Entenda por que o imóvel pode ser penhorado mesmo estando financiado
Uma decisão recente do Superior Tribunal de Justiça (STJ) reafirmou um entendimento importante sobre dívidas condominiais e alienação fiduciária de imóvel.
A ministra Daniela Teixeira reconheceu que um imóvel financiado com alienação fiduciária pode ser penhorado para pagamento de dívida de condomínio.
A decisão segue a orientação já consolidada pela 2ª Seção do STJ, segundo a qual as despesas condominiais possuem natureza propter rem, ou seja, estão diretamente vinculadas ao imóvel e acompanham o bem independentemente de quem seja o proprietário ou possuidor.
O que significa dívida condominial de natureza propter rem
As dívidas condominiais possuem uma característica jurídica específica: elas são consideradas obrigações propter rem.
Isso significa que:
- a dívida está vinculada ao imóvel
- ela acompanha o bem, e não apenas a pessoa do devedor
- quem se torna titular ou possuidor do imóvel pode responder por essas obrigações
Na prática, essa natureza jurídica permite que o condomínio busque a satisfação da dívida diretamente sobre o imóvel que gerou o débito.
O caso analisado pelo STJ
O caso chegou ao tribunal por meio de um recurso especial interposto por um condomínio, que buscava cobrar valores devidos de taxas condominiais.
O processo teve início após decisão do Tribunal de Justiça de São Paulo, que havia impedido a penhora do imóvel responsável pela dívida.
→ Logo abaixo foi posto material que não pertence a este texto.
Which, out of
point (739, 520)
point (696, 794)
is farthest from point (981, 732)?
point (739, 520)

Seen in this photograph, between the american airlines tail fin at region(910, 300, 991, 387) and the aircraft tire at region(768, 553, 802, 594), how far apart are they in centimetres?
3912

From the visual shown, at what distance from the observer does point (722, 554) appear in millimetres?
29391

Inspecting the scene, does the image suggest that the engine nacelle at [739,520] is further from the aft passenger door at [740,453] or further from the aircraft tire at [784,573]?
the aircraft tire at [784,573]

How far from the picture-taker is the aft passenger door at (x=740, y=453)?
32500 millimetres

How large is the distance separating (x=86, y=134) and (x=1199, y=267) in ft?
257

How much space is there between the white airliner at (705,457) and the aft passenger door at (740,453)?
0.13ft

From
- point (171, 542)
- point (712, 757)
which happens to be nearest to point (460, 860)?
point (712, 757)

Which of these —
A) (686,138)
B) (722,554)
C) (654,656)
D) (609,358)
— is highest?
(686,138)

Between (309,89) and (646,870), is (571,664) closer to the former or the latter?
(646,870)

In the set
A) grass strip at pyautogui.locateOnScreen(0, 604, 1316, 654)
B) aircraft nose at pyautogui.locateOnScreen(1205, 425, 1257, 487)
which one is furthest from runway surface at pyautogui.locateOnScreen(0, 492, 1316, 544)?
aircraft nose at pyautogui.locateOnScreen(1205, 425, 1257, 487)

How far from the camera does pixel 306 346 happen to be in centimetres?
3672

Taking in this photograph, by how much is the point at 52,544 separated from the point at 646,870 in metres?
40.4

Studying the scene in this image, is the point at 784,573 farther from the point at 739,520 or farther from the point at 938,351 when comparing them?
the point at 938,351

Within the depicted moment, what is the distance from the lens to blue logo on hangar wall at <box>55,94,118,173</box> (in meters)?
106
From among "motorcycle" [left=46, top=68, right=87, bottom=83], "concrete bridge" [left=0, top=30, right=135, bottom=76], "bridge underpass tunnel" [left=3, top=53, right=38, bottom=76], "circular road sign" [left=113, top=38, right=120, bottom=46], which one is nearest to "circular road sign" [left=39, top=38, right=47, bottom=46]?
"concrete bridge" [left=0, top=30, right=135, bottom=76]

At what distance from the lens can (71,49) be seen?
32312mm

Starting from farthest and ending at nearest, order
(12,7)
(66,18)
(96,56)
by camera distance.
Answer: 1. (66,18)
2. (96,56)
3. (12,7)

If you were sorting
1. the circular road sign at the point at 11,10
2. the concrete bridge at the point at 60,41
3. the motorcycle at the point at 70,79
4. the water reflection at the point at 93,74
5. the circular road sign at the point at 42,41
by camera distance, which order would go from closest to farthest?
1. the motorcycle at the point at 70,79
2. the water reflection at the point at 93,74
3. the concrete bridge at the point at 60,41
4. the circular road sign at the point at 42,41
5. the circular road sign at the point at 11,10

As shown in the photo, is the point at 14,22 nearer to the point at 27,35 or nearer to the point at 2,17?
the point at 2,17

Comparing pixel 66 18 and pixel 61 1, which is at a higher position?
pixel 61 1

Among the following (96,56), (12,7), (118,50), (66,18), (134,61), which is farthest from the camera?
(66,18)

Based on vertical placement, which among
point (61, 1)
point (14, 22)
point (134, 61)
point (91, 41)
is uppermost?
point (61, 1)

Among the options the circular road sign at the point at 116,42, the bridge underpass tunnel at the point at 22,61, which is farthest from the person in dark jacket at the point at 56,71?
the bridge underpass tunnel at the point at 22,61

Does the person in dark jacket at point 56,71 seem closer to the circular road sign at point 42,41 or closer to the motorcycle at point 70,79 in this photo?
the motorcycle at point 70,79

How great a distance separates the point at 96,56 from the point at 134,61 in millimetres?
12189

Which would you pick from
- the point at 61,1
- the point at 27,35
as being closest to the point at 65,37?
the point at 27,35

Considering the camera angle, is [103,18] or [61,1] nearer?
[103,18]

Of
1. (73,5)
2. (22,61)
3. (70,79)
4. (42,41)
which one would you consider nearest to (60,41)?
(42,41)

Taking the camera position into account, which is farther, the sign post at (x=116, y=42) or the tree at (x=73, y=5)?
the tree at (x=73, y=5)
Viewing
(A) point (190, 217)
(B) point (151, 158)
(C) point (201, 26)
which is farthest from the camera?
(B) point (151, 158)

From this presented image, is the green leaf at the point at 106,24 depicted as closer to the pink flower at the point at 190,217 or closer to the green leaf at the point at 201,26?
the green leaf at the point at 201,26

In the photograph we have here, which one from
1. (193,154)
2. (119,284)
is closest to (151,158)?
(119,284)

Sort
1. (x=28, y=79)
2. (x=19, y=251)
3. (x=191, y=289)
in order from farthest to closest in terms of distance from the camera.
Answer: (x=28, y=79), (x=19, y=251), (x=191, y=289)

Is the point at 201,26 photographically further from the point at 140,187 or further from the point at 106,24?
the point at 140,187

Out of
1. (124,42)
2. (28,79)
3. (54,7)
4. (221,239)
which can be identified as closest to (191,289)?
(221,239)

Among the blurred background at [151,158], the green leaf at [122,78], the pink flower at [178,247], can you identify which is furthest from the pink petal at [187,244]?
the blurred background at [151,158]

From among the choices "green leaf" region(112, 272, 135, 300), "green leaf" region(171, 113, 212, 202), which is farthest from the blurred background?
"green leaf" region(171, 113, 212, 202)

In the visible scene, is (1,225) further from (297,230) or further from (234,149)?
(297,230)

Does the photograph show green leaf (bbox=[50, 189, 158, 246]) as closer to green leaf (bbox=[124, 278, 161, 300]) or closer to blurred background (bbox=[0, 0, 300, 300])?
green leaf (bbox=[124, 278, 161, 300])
Segundo o tribunal estadual:
- o imóvel estava alienado fiduciariamente
- por isso, não poderia ser penhorado
- a execução poderia atingir apenas os direitos aquisitivos do devedor fiduciante
Em outras palavras, o tribunal entendeu que o imóvel financiado não poderia ser diretamente constrito para pagar a dívida condominial.
O entendimento do STJ sobre a penhora de imóvel alienado fiduciariamente
Ao analisar o recurso, a ministra Daniela Teixeira destacou que o STJ já havia enfrentado a mesma discussão anteriormente.
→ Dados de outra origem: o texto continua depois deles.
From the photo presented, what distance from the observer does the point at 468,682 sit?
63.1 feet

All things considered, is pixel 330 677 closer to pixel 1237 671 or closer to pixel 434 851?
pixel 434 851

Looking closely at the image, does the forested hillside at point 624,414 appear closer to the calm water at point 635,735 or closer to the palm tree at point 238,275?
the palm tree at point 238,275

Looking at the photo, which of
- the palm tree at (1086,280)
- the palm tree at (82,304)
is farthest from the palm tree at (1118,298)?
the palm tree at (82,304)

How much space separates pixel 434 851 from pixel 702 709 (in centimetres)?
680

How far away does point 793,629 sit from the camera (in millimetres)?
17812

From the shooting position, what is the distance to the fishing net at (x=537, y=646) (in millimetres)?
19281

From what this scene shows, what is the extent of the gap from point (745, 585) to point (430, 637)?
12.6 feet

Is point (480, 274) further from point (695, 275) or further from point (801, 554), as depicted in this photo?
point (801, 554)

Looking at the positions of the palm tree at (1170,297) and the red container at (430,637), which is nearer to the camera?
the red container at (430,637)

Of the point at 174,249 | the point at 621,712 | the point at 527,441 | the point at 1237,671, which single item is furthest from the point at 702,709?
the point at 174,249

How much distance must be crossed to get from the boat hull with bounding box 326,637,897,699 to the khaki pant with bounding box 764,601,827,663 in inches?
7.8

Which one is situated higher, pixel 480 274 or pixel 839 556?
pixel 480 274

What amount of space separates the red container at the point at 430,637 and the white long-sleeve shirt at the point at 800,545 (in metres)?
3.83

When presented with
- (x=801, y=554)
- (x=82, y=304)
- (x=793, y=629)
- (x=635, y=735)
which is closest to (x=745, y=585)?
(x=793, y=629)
No julgamento do REsp 2.082.647/SP, a 2ª Seção do STJ consolidou o entendimento de que é possível a penhora do próprio imóvel alienado fiduciariamente em execução de dívida condominial.
Segundo a relatora, isso ocorre porque a obrigação condominial está diretamente ligada ao bem.
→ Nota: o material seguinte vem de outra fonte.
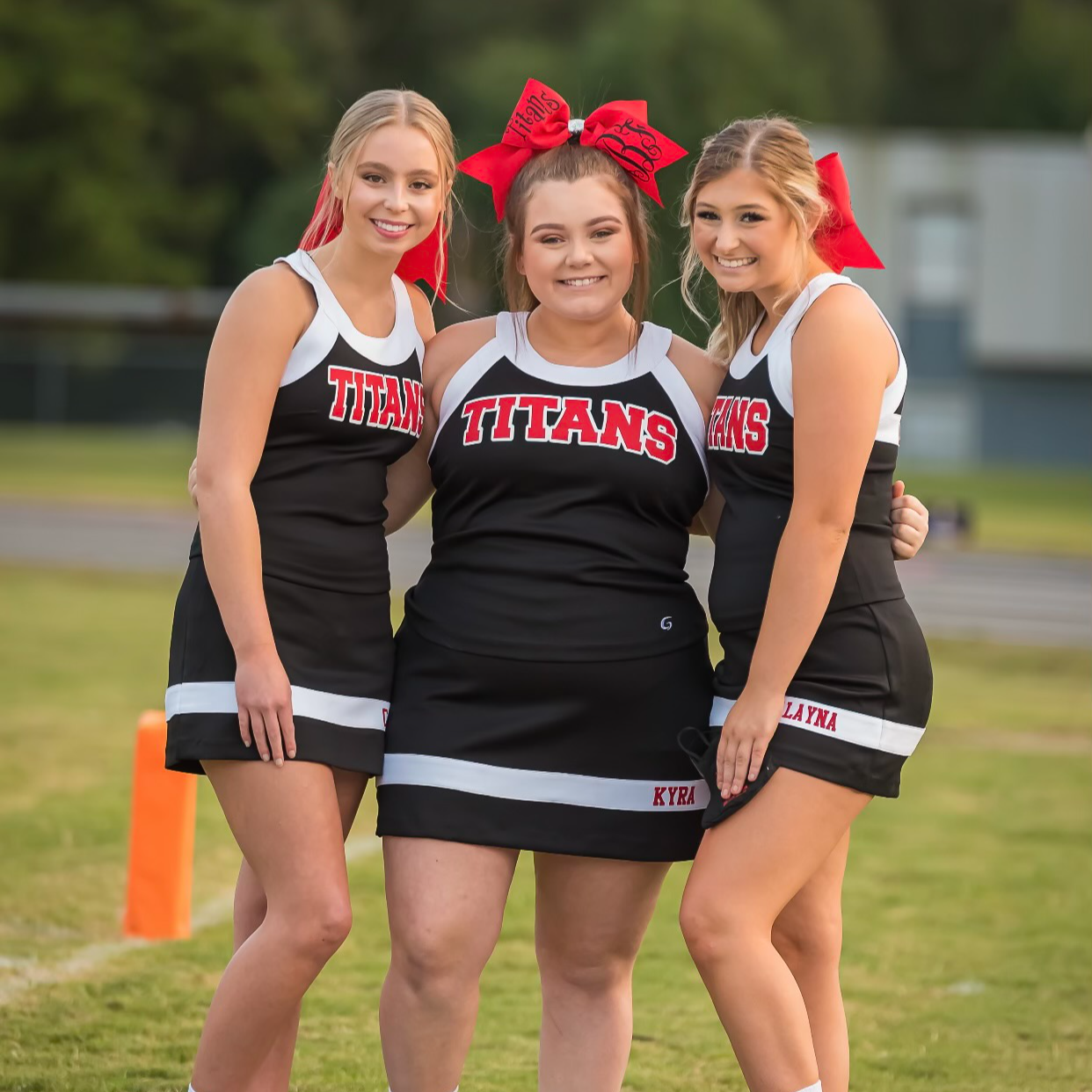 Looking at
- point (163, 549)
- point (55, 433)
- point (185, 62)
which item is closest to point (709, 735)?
point (163, 549)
Assim, a existência de alienação fiduciária não impede a constrição judicial do imóvel quando o objetivo é quitar despesas do condomínio.
O papel do banco ou credor fiduciário na execução
Outro ponto importante destacado na decisão é a participação do credor fiduciário, normalmente o banco responsável pelo financiamento.
De acordo com o entendimento aplicado pelo STJ:
- o credor fiduciário deve ser citado na execução
- ele poderá integrar o processo e apresentar suas manifestações
- poderá adotar as medidas que considerar adequadas para proteger seu crédito
Essa participação garante que o credor que possui garantia sobre o imóvel possa acompanhar a execução e defender seus interesses.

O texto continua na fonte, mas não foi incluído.